• MATERIAL PROVIDED:
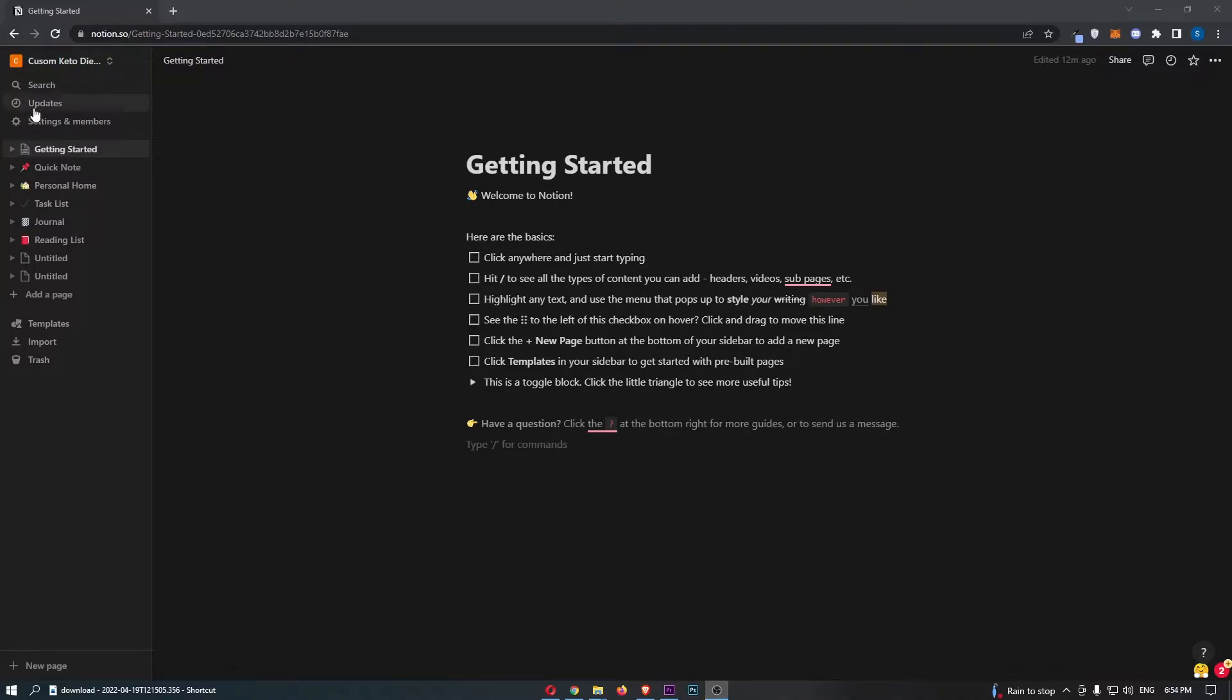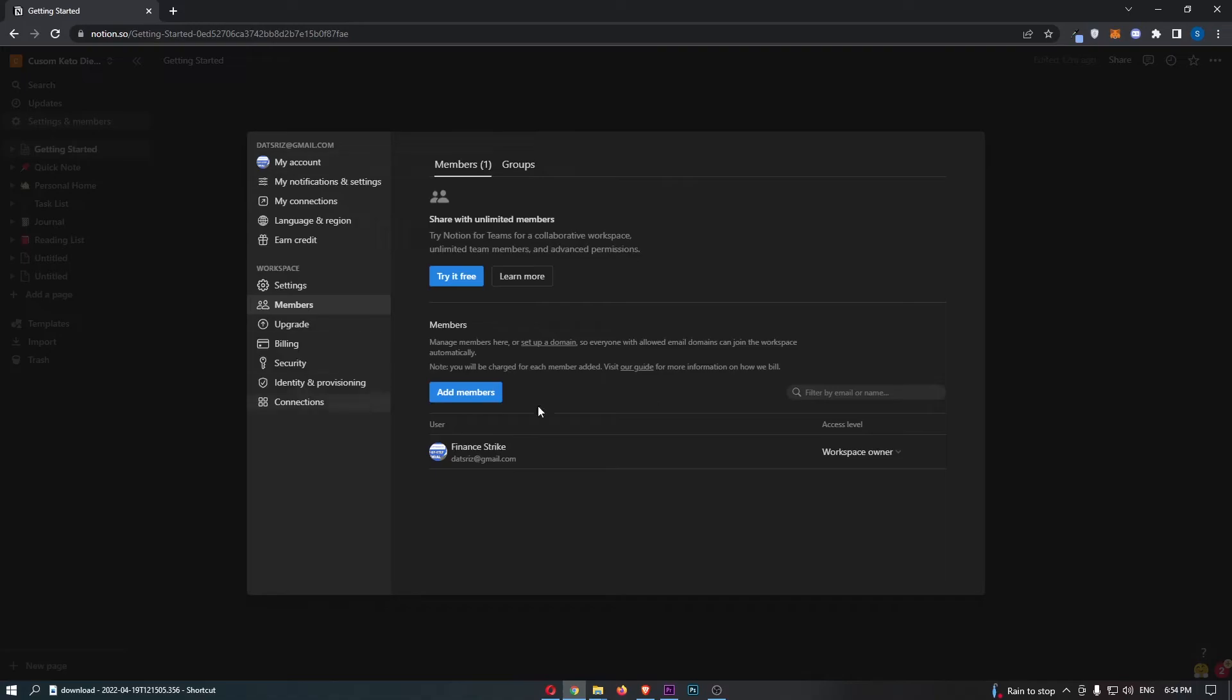From here, all we need to do is click into this option that says settings and members. That is going to load up this dialog box in the center.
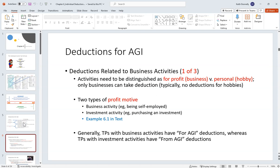The reason hobbies don't get deductions is you could set up a fictitious business that keeps losing money, keep taking deductions, and offset your income. The IRS reserves deductions only for businesses — those that have a profit motive. A profit motive can come from a business activity like being self-employed: cutting grass, cutting hair, doing roofs — you're out there making money. It can also come from an investment activity like buying stock with the plan of making money.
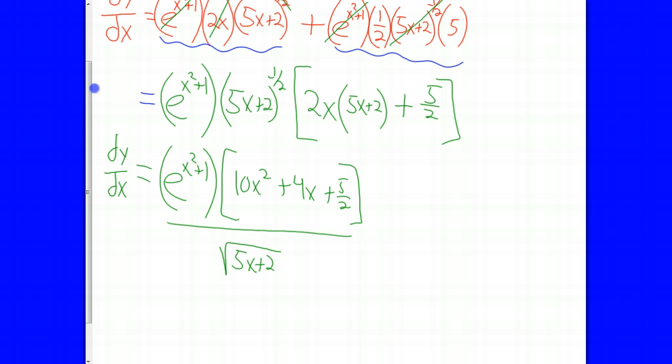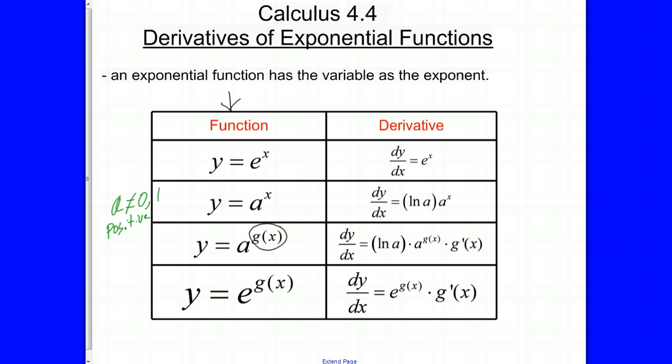That's about as tough as these problems get — doing a product rule, and sometimes a quotient rule. We're just following those same rules along with the rules for finding the derivative of exponential functions. That's it. Bye.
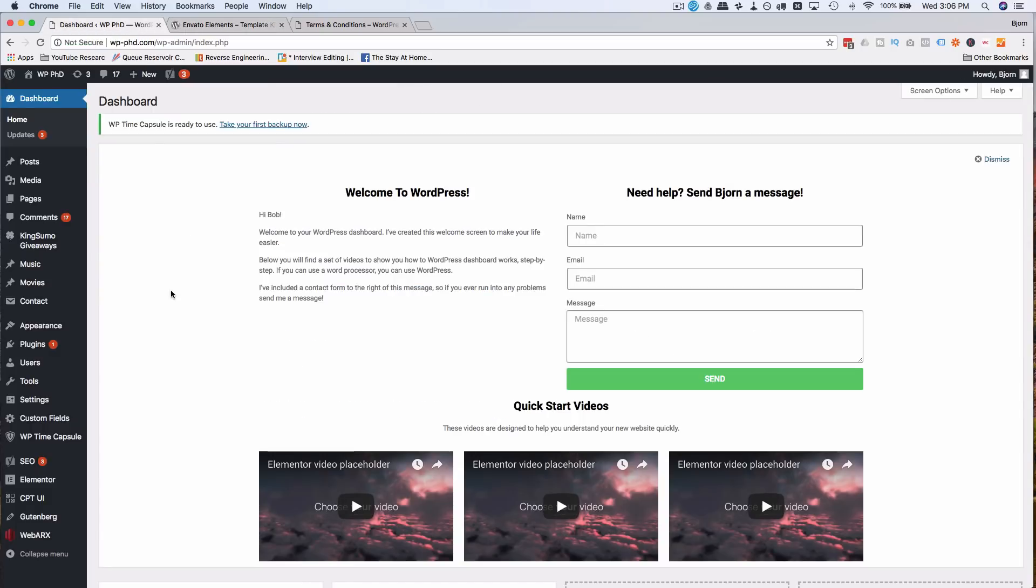So if we head over to the dashboard before we install the plugin, you may have seen this little welcome dashboard here. You can build this using Elementor. I've got a tutorial coming up for that. It may be published when you're watching this. It'll be in a card above or in the description down below if it is published already. If not, it'll be published very soon. So if you like this dashboard, keep your eyes peeled for that tutorial.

• WORK REQUIRED:
Drop the images and copy all the data exactly.

• EXERCISE RESULT:
From here, all we need to do is click into this option that says settings and members. That is going to load up this dialog box in the center.
The reason hobbies don't get deductions is you could set up a fictitious business that keeps losing money, keep taking deductions, and offset your income. The IRS reserves deductions only for businesses — those that have a profit motive. A profit motive can come from a business activity like being self-employed: cutting grass, cutting hair, doing roofs — you're out there making money. It can also come from an investment activity like buying stock with the plan of making money.
That's about as tough as these problems get — doing a product rule, and sometimes a quotient rule. We're just following those same rules along with the rules for finding the derivative of exponential functions. That's it. Bye.
So if we head over to the dashboard before we install the plugin, you may have seen this little welcome dashboard here. You can build this using Elementor. I've got a tutorial coming up for that. It may be published when you're watching this. It'll be in a card above or in the description down below if it is published already. If not, it'll be published very soon. So if you like this dashboard, keep your eyes peeled for that tutorial.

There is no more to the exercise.